Description of the task: Give back exactly the lines from the one that holds "Drawstring Fruit Tree" through the final line of the data; omit the pictures and add nothing.

Data records:
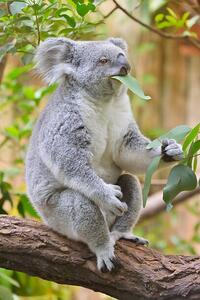 Fotografija Koala, Phascolarctos cinereus, Raimund Linke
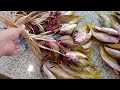 FISH MARKET: Where fish prices are in bundles NOT PER KILO!
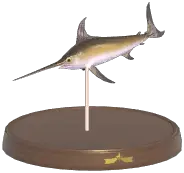 Swordfish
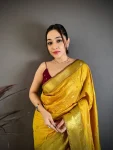 6TRENDING BANARASI TISSUE BUTTI WORK WITH HEAVY BORDER SAREE WITH UNSTITCHED BLOUSE FESTIVE WEAR WHOLESALE PRICE ETHNIC GARMENT (28)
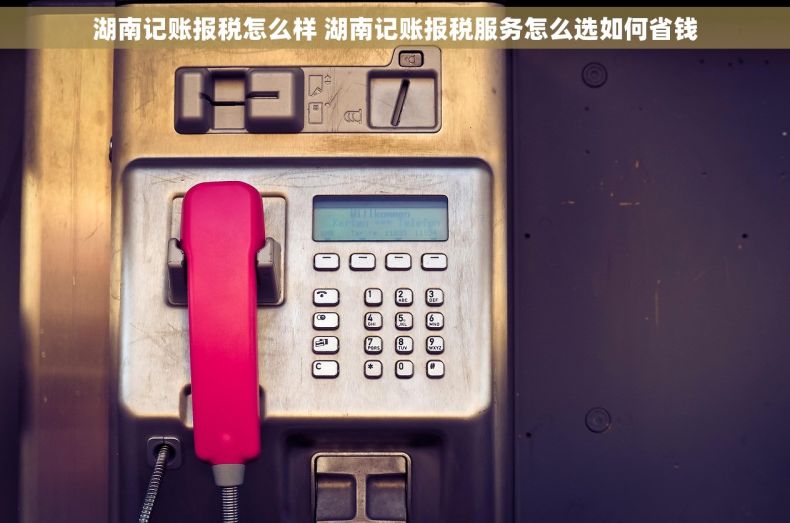 湖南记账报税怎么样 湖南记账报税服务怎么选如何省钱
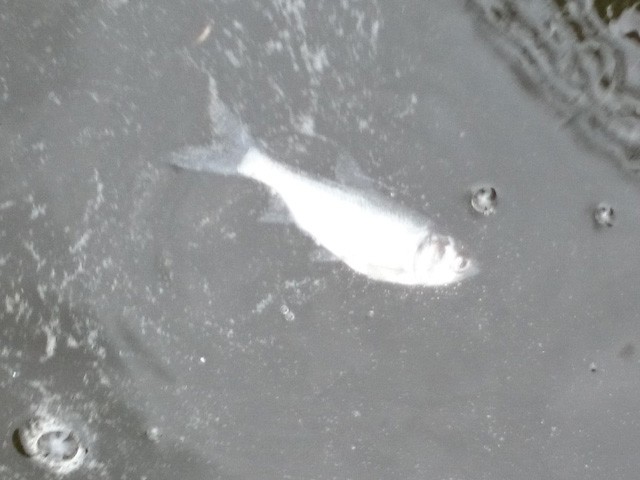 プロショップオオツカ バスフィッシング用品ネット通信販売 ブログ写真 2015/09/03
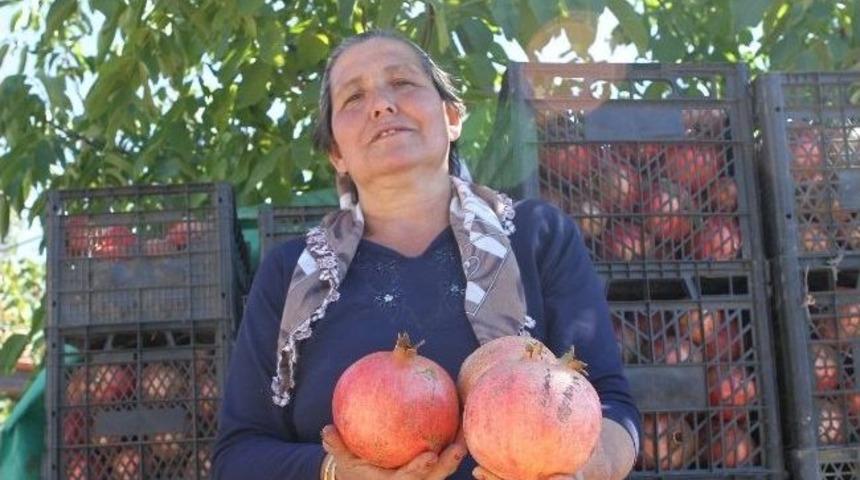 Nar &Uuml;reticisinde Hayal Kırıklığı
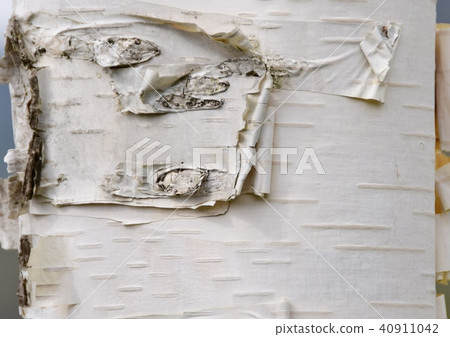White birch 40911042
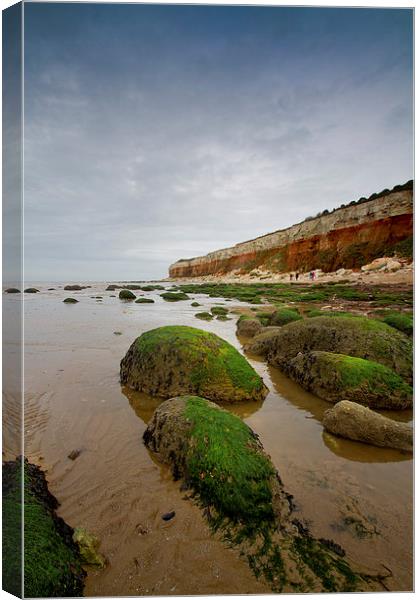 Hunstanton Cliff Canvas Print by Gypsyofthesky Photography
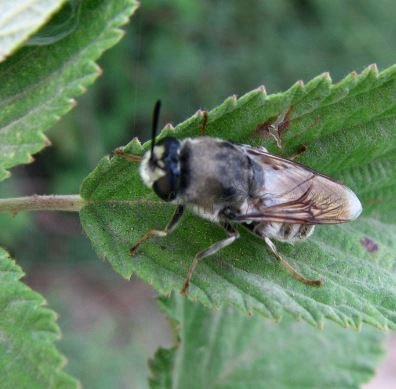 Colletes carinatus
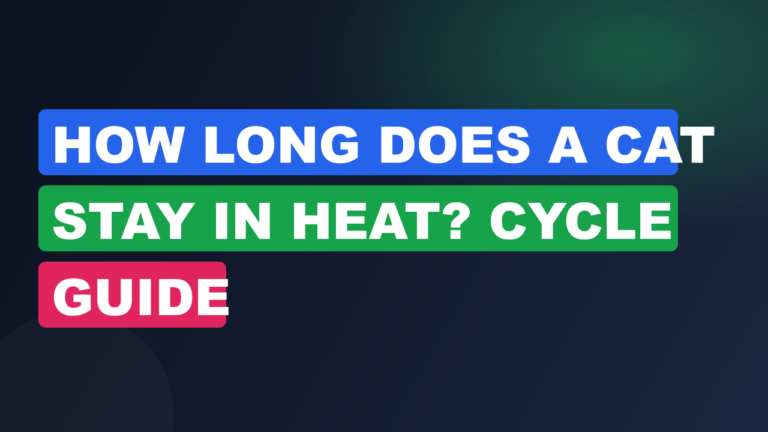 How Long Does a Cat Stay in Heat? Cycle Guide
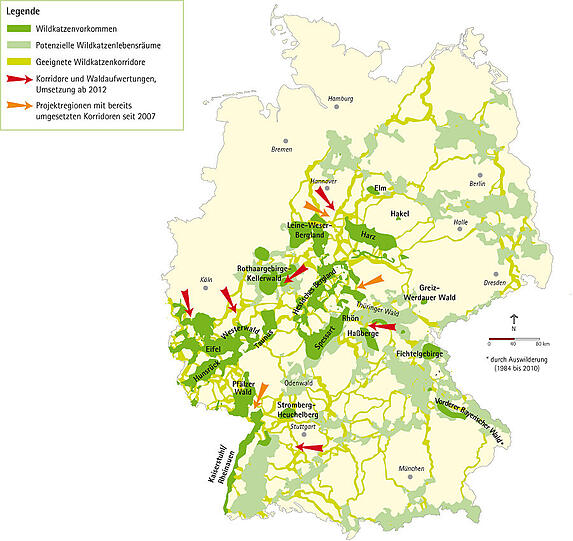 Wildkatzen-Vorkommen und -Korridore in Bayern. Westlich von München führt eine Wanderroute über Jesenwang nach Süden, östlich eine andere durch den Ebersberger Forst.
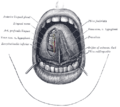 Gray's Anatomy illustration of the tongue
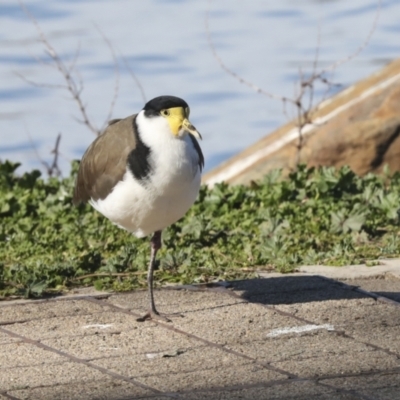 Vanellus miles (Masked Lapwing) at Belconnen, ACT - 12 Jul 2021 by AlisonMilton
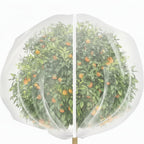 Drawstring Fruit Tree Mesh Net Bags - Euroselle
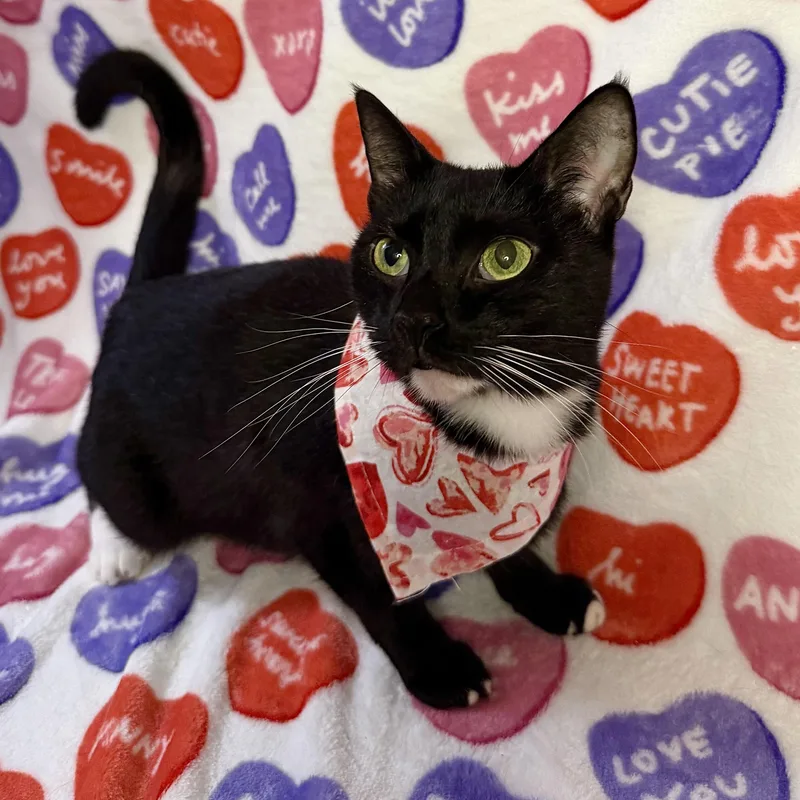 A young medium-sized female Domestic Short Hair cat named Toothless for adoption in Miami, FL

Output for this task:
 Drawstring Fruit Tree Mesh Net Bags - Euroselle
 A young medium-sized female Domestic Short Hair cat named Toothless for adoption in Miami, FL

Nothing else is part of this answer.